▶ **INFORMATION GIVEN**
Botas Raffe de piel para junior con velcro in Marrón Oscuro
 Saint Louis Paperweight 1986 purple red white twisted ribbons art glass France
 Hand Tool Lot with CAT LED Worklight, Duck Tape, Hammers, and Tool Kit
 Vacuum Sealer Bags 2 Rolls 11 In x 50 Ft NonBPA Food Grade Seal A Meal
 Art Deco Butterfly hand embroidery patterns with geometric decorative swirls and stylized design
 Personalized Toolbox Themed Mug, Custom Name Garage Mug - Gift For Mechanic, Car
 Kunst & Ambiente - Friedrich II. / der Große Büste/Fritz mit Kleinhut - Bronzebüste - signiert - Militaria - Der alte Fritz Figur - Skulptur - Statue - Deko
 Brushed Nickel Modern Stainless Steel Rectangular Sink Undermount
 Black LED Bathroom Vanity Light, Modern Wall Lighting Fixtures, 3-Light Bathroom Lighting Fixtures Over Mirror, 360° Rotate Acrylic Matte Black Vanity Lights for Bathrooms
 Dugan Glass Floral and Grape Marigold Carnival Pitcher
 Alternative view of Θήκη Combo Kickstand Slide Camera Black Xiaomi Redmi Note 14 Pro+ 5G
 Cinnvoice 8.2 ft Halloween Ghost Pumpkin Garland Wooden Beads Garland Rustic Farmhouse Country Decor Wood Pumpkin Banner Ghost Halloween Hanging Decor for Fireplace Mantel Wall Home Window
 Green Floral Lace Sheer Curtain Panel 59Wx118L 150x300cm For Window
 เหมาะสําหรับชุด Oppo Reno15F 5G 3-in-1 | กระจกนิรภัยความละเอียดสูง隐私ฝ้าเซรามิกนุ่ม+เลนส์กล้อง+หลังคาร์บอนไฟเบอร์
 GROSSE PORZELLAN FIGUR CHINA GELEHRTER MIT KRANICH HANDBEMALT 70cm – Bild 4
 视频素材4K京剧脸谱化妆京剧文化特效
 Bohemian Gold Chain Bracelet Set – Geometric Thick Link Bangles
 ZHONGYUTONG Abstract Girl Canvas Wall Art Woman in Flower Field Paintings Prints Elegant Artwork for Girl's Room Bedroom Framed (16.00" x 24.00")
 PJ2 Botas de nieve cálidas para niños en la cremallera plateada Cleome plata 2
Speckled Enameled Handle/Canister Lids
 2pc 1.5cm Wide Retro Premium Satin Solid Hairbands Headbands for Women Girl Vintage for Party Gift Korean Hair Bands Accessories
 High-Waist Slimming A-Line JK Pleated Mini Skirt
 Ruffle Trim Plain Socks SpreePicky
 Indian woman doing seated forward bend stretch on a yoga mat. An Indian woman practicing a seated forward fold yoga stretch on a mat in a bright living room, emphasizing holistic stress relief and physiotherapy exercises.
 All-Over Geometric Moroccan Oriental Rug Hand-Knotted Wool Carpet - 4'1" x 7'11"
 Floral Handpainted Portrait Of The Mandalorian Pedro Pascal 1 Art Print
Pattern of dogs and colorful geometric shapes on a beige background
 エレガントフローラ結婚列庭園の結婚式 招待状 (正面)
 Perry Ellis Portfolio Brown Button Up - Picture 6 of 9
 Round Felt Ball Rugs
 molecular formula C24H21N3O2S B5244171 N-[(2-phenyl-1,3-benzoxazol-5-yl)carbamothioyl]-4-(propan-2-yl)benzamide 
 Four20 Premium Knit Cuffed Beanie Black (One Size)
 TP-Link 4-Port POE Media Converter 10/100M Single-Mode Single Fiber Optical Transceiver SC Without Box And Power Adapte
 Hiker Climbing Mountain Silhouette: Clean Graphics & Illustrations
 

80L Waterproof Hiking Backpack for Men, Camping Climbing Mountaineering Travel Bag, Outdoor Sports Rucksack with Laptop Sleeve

▶ **WHAT YOU SHOULD DO**
How many lines in the records hold the string "Girl"? Reply with the number only.

▶ **SOLUTION FOR THIS TASK**
2